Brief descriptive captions
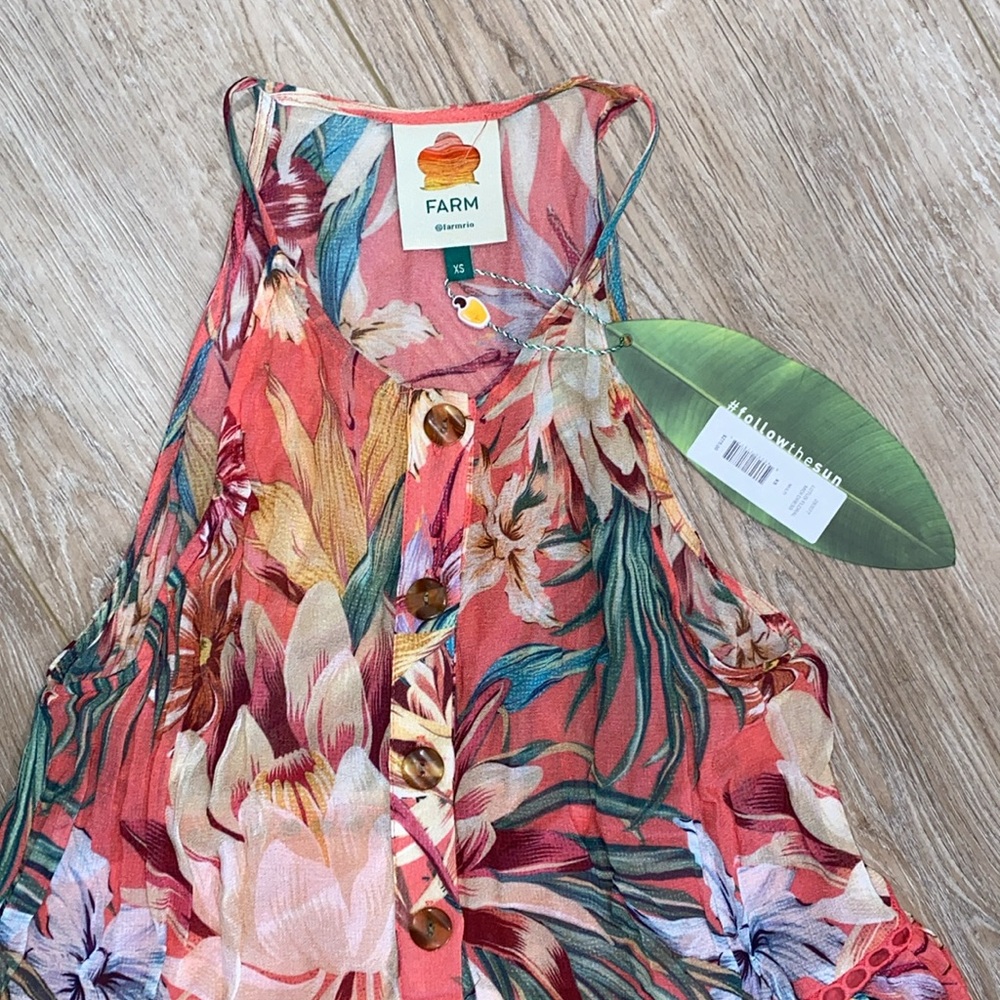 NWT Farm Rio Lotus Floral Midi Dress XS - Picture 2 of 6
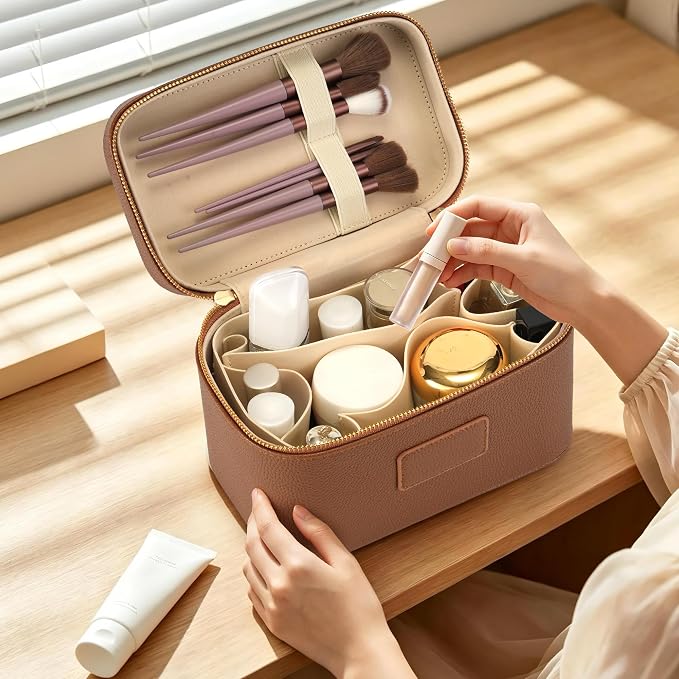 Makeup Bag Travel Toiletry Leather Cosmetic Case, Waterproof Makeup Organizer with Brush Holder, Wipe Clean Removable Divider Vanity Train Bag for Women, Brown - Image 6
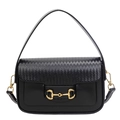 Black saddle bag with woven texture, smooth leather finish and golden horsebit detail - Black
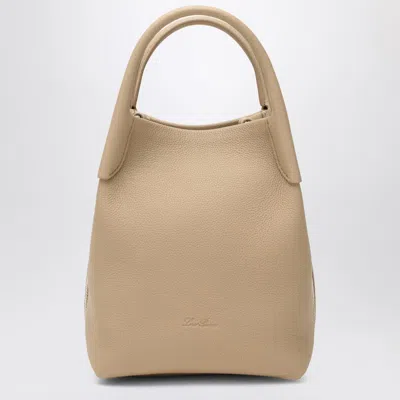 Loro Piana Small Bale Bag In Hammered Light Mastic Leather In Sand
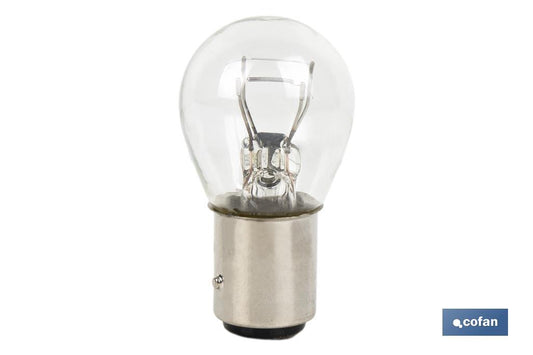LÁMPARA COFAN 2 POLOS BLANCA DESCENTRADA P21/5W (BAZ15d) 12V venta unitaria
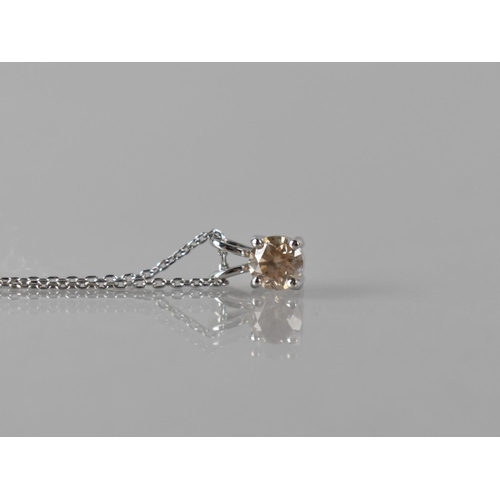 70 - A Diamond Pendant, Fancy Light Brown Round Brilliant Cut Diamond Measuring Approx 0.74ct, Four Claw ... 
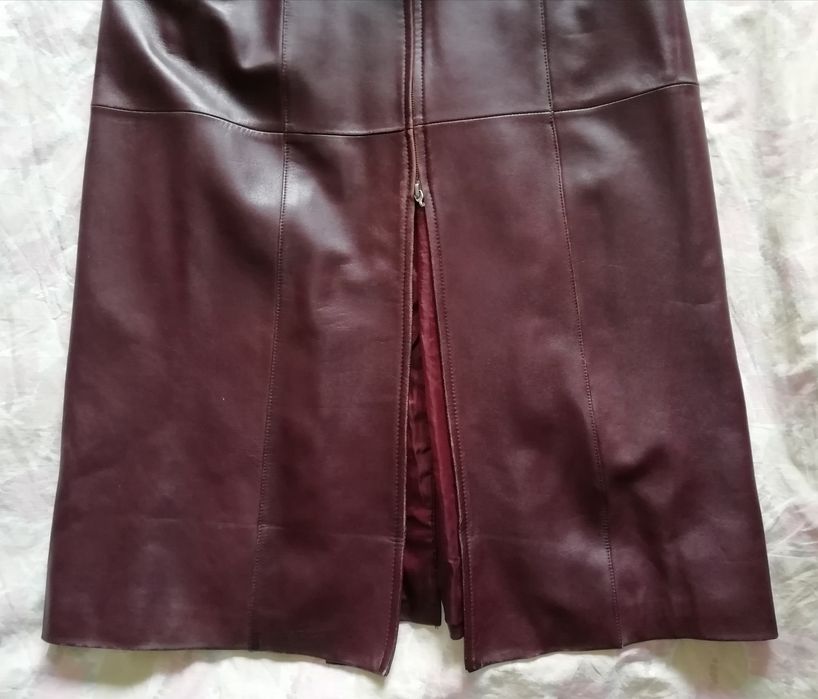 Женский кожаный плащ, бордовый Liye 4XL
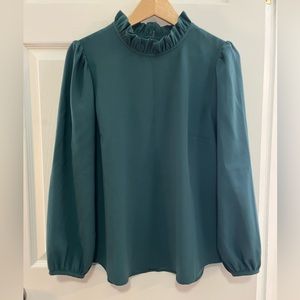 J Crew Ruffle High Neck Blouse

-- TASK REQUIREMENTS --
Repeat, with no pictures, each line from the beginning of the data through the line containing "Makeup Bag Travel", inclusive.

-- RESPONSE FOR THIS EXERCISE --
 NWT Farm Rio Lotus Floral Midi Dress XS - Picture 2 of 6
 Makeup Bag Travel Toiletry Leather Cosmetic Case, Waterproof Makeup Organizer with Brush Holder, Wipe Clean Removable Divider Vanity Train Bag for Women, Brown - Image 6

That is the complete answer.